* [Dataset content]
::::::

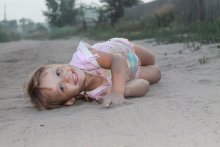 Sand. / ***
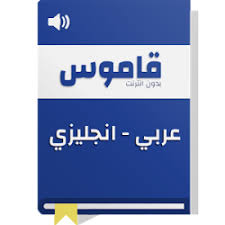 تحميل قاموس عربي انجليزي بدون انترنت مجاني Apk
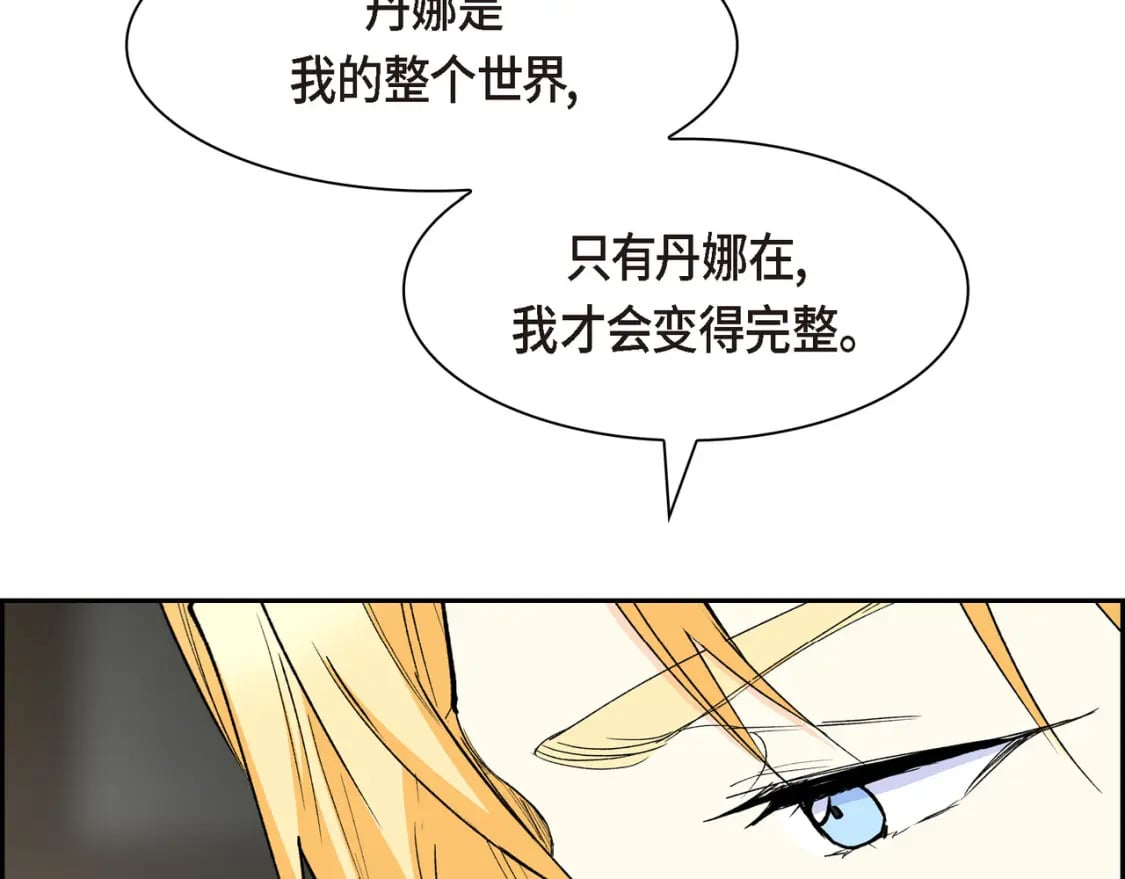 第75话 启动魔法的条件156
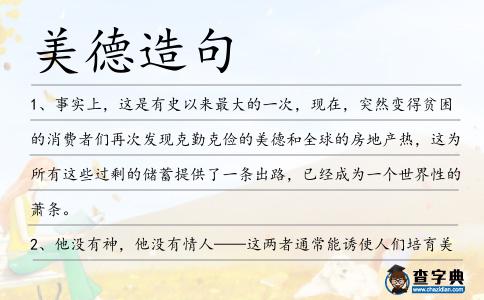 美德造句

::::::

* [Work order] Give the listing above again in its entirety and exactly; do not include the pictures.

* [Solution to the exercise]
 Sand. / ***
 تحميل قاموس عربي انجليزي بدون انترنت مجاني Apk
 第75话 启动魔法的条件156
 美德造句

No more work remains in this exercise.